Material provided:
• • • •

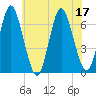 Eatons Neck Point tide chart for Sunday, July 17, 2022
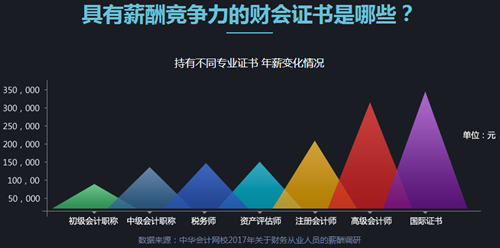 拿下高级会计职称 年薪变化幅度这么大！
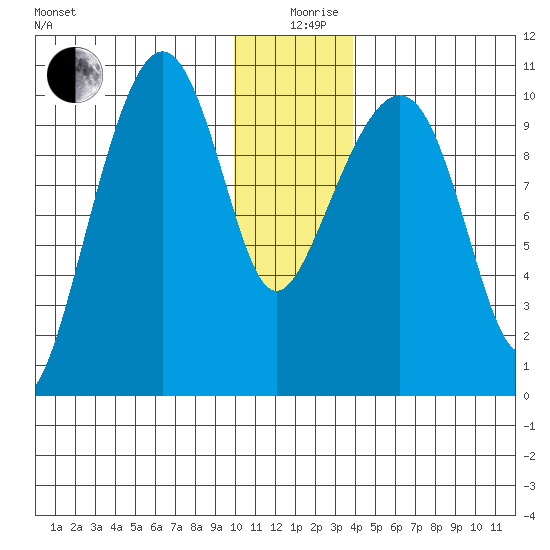 SW Chenega Island tide chart for Thursday, December 29, 2022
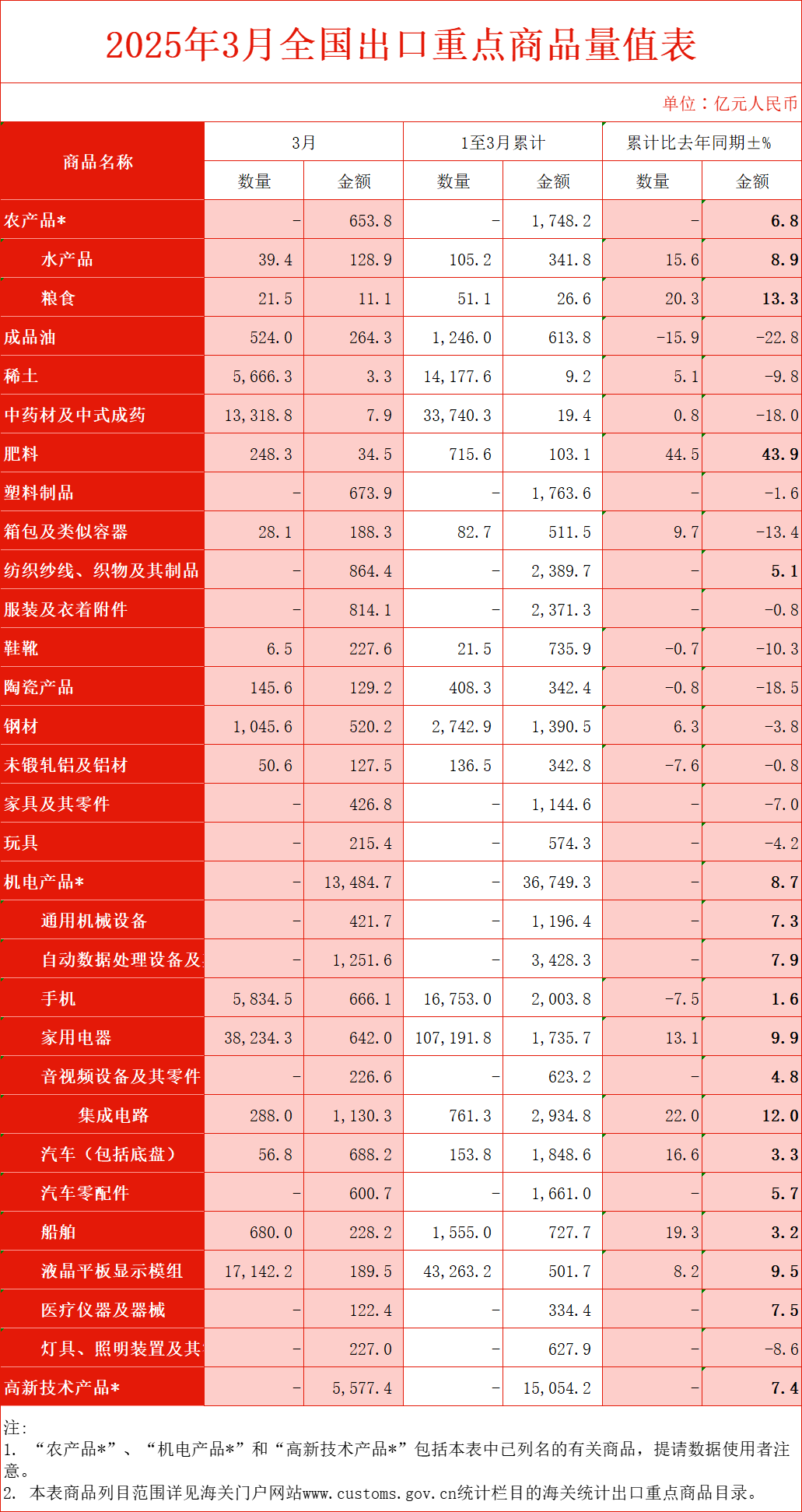 出口重点商品表.png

• • • •

What the task requires:
Write the lines from the line containing "拿下高级会计职称 年薪变化幅度这么大！" through the last line of the data out again exactly, and only those lines; pictures stay out.

Output:
 拿下高级会计职称 年薪变化幅度这么大！
 SW Chenega Island tide chart for Thursday, December 29, 2022
 出口重点商品表.png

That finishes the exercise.